Le message a reconnu la contribution des immigrants et a déclaré que les évêques se sentent obligés d'« élever nos voix pour défendre la dignité humaine donnée par Dieu » aux migrants. Ils ont appelé à une réforme de l'immigration et ont déclaré que « la dignité humaine et la sécurité nationale ne sont pas en conflit ».
La déclaration reconnaît également que les gouvernements ont la « responsabilité de réglementer leurs frontières et d'établir un système d'immigration juste et ordonné pour le bien commun ». Elle appelle ensuite à des « voies sûres et légales » pour l'immigration.
L'Écriture exige la compassion pour « ceux qui sont les plus vulnérables », y compris « l'étranger », a noté la déclaration. La préoccupation de l'Église pour les migrants « est une réponse au commandement du Seigneur d'aimer comme il nous a aimés », a-t-elle ajouté.

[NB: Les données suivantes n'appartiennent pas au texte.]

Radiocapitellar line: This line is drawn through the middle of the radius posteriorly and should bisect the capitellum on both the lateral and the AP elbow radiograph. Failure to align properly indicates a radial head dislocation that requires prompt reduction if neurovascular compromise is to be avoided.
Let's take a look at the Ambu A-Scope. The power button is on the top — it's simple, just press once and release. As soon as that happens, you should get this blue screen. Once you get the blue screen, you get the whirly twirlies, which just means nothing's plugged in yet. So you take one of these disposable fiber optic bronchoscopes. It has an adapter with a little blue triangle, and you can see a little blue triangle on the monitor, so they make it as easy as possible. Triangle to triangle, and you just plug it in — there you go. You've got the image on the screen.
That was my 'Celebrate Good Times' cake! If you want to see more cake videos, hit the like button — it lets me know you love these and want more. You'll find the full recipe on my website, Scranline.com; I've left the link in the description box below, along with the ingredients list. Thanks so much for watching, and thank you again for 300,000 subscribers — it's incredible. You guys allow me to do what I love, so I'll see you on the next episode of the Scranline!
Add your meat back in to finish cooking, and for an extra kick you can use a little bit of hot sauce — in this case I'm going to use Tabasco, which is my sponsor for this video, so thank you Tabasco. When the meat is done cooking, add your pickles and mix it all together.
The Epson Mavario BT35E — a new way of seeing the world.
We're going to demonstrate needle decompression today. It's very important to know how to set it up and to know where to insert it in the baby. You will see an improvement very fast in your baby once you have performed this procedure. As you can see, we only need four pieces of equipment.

Le texte original du message présenté à l'assemblée ne comprenait pas le passage déclarant clairement l'opposition des évêques aux expulsions à grande échelle, qui a été ajouté lors d'un amendement de dernière minute au message.

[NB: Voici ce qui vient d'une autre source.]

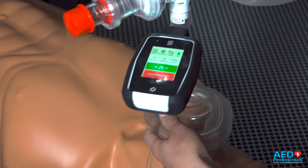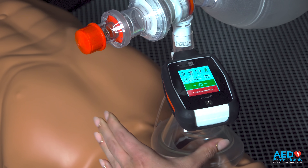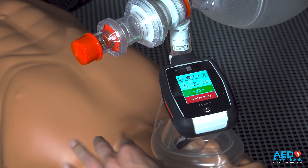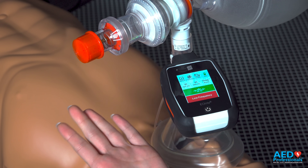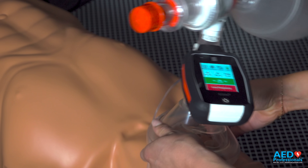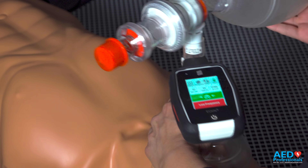First we're going to put our mask on our mannequin. The way that we've been doing it lately is with the C-grip, but we're going to opt for the OK grip because it allows for a more even pressure on the mask, especially for somebody like me that has a smaller hand. Three fingers under the chin for a lift.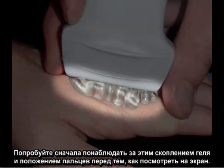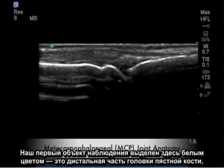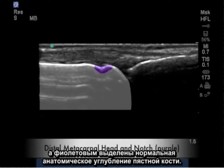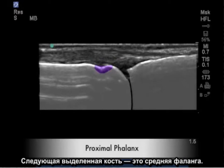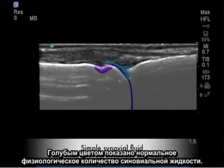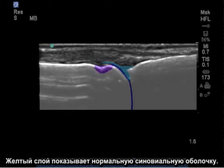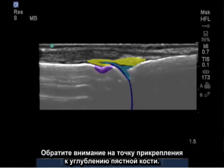Try first to observe the gel heap and the position of the fingers before looking at the screen. Our first observation, highlighted here in white, is the distal metacarpal head, and highlighted in purple is the normal anatomical metacarpal notch. The next highlighted bone is the proximal phalanx. Note the joint space in the normal image also reveals a normal appearing hyaline cartilage, highlighted in dark blue. The light blue indicates the normal physiologic amount of synovial fluid. The yellow layer indicates the normal synovial membrane. Observe its attachment point into the metacarpal notch.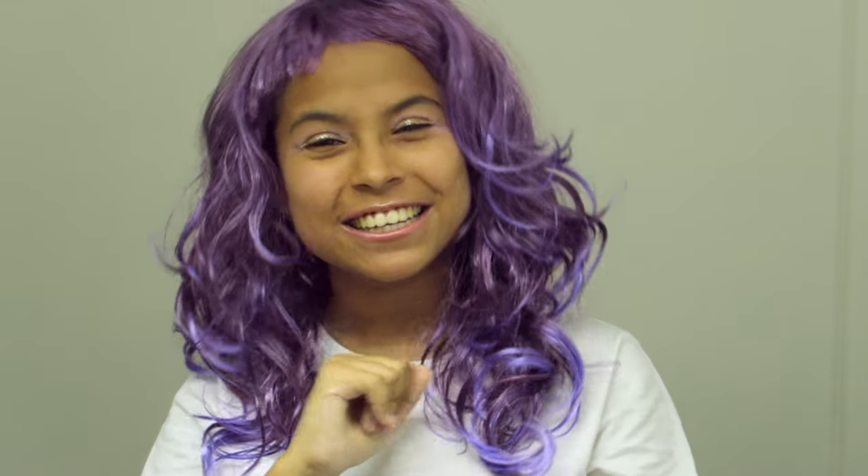Thanks for leaving a like for this video because it really helps me out a lot. I will see you in the next one. Thank you so much, love you, bye!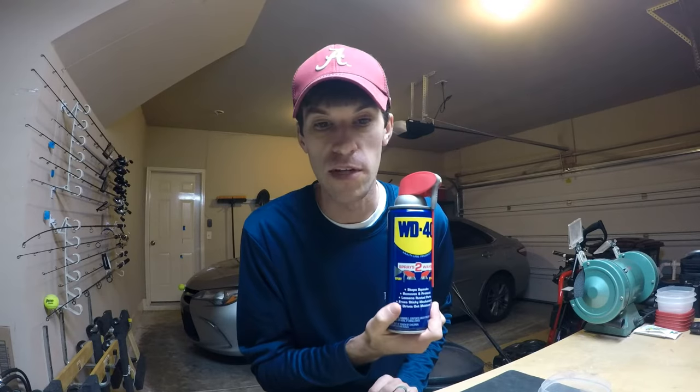Of course you're probably going to want to change out your line, but before you put your stuff up at the end of the season, before it got winter, you probably cleaned off your reels. Maybe you used WD-40. There is an old saying that if you get WD-40 on your line, well your line's toast. You've got to replace it. WD-40 will break down your line. We are going to put that to the test today.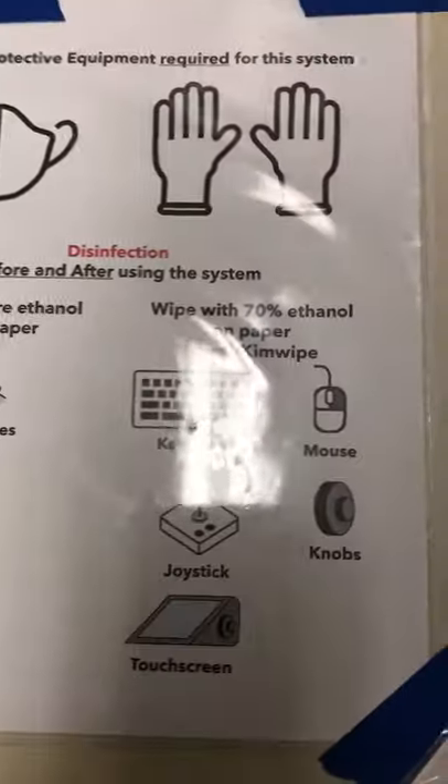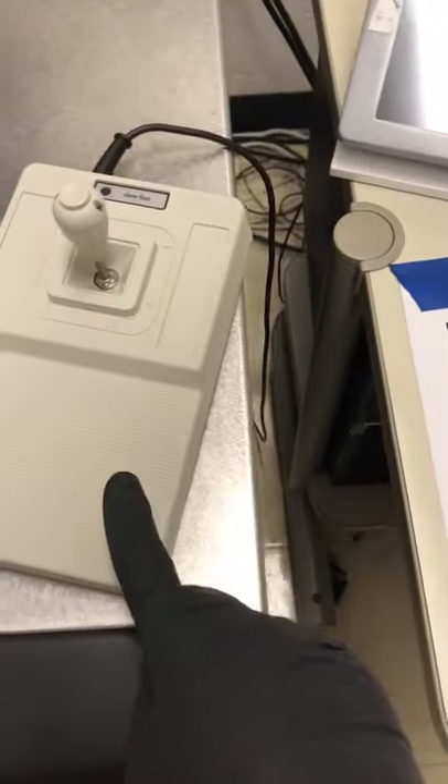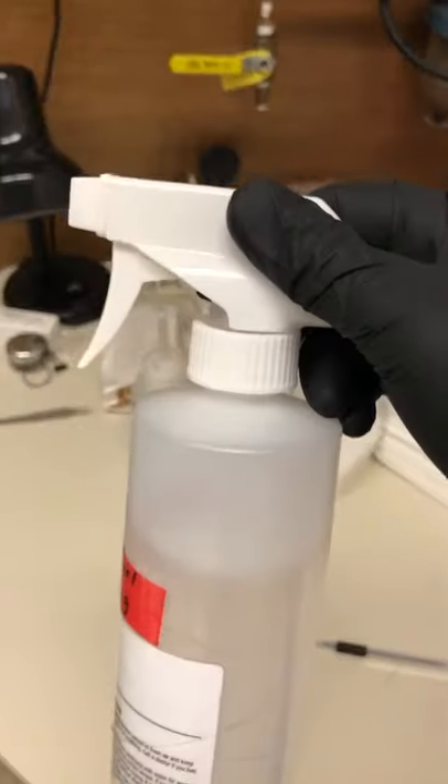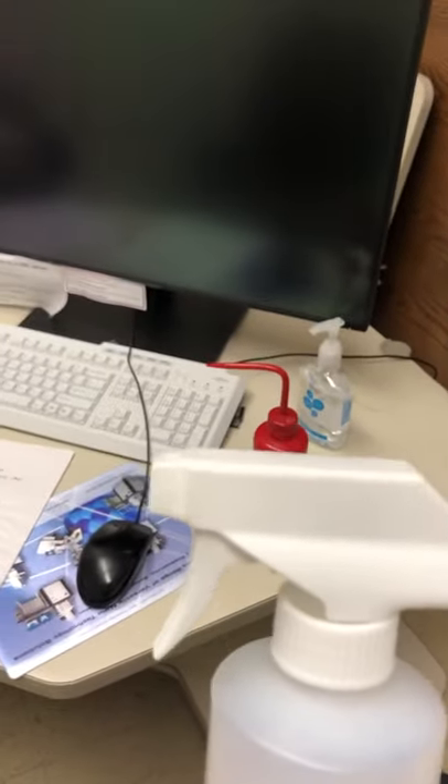With 70% ethanol on a paper towel or kimwipe we're going to wipe the keyboard, the mouse, the joystick, the knobs, and the touch screen. We have 70% ethanol here and paper towels and kimwipes. Please spray the ethanol on the paper towel and not directly on the microscope, then wipe with the paper towel.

Le cardinal Blase Cupich de l'archidiocèse de Chicago a présenté l'amendement. Il a déclaré que le message doit être clair en disant aux migrants « nous sommes avec vous » en s'opposant expressément à « l'expulsion aveugle des personnes qui a lieu ».

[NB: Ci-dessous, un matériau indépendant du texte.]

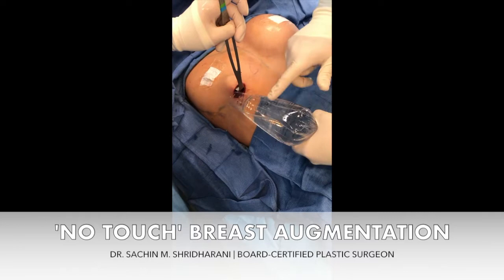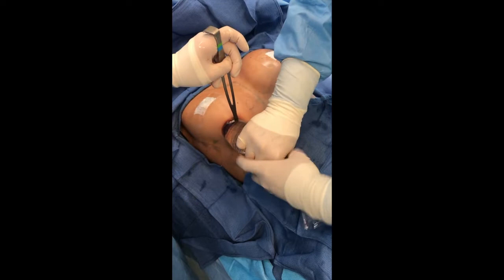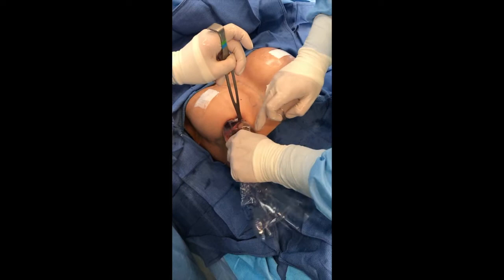Here we are, the next case of the day. We're using our Keller funnel with a no-touch technique to get a sizable, near 500cc implant into our patient. We're placing the sterile part in and working on getting our implant in — you can see it just goes in with relative ease without touching the skin, which decreases our risk of surface infections.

Aucun évêque ne s'est prononcé contre l'amendement de Cupich.
La dernière fois que les évêques ont approuvé un message pastoral spécial, c'était en 2013 en opposition à un mandat fédéral sur la contraception. De tels messages sont destinés à montrer « le consensus du corps » des évêques catholiques américains, selon une déclaration de l'USCCB.
La discussion sur les expulsions et l'application des lois sur l'immigration a été un thème majeur tout au long de la durée de l'assemblée plénière.
La veille, le président du comité pour les migrations de l'USCCB, l'évêque Mark Seitz, a annoncé une initiative nationale pour fournir un accompagnement aux migrants risquant d'être expulsés, inspirée par des efforts similaires déjà en cours dans des diocèses à travers le pays.
L'initiative se concentrera sur quatre domaines : l'aide d'urgence et familiale, l'accompagnement et les soins pastoraux, la communication de l'enseignement de l'Église, et la solidarité par la prière et le témoignage public.
Dans son discours à ses frères évêques, Seitz a directement critiqué l'administration du président Donald Trump pour avoir mis en œuvre la « promesse de campagne d'expulsions massives ».
Le département de la Sécurité intérieure des États-Unis (DHS) a annoncé fin octobre que l'administration a procédé à plus de 527 000 expulsions cette année et que 1,6 million d'autres personnes se sont auto-expulsées.
« Ce n'est que le début », a déclaré la secrétaire adjointe Tricia McLaughlin dans un communiqué du 27 octobre.
Le pape Léon XIV a encouragé les évêques américains à fournir une voix plus unifiée en faveur de la dignité des migrants. Il a rencontré Seitz ainsi que d'autres évêques et partisans des migrants le mois dernier pour discuter du sort des immigrants aux États-Unis.
Selon une personne présente, Dylan Corbett, directeur exécutif fondateur du Hope Border Institute, Le pape Léon a dit au groupe: « L'Église ne peut rester silencieuse face à l'injustice. Vous êtes avec moi, et je suis avec vous. »
Le Saint-Père a déclaré la semaine dernière qu'« il y a une réflexion profonde à mener sur ce qui se passe » avec les migrants en détention après que des détenus se sont vu refuser la communion dans un centre de l'Immigration and Customs Enforcement (ICE) de l'Illinois.
McLaughlin a déclaré à CNA la semaine dernière que les détenus ne sont « retenus que brièvement [dans ce centre] pour le traitement » et que le DHS ne pouvait pas y organiser de services religieux pour des raisons pratiques et de sécurité, mais que les membres du clergé sont « plus que bienvenus pour fournir des services aux détenus dans les centres de détention de l'ICE ».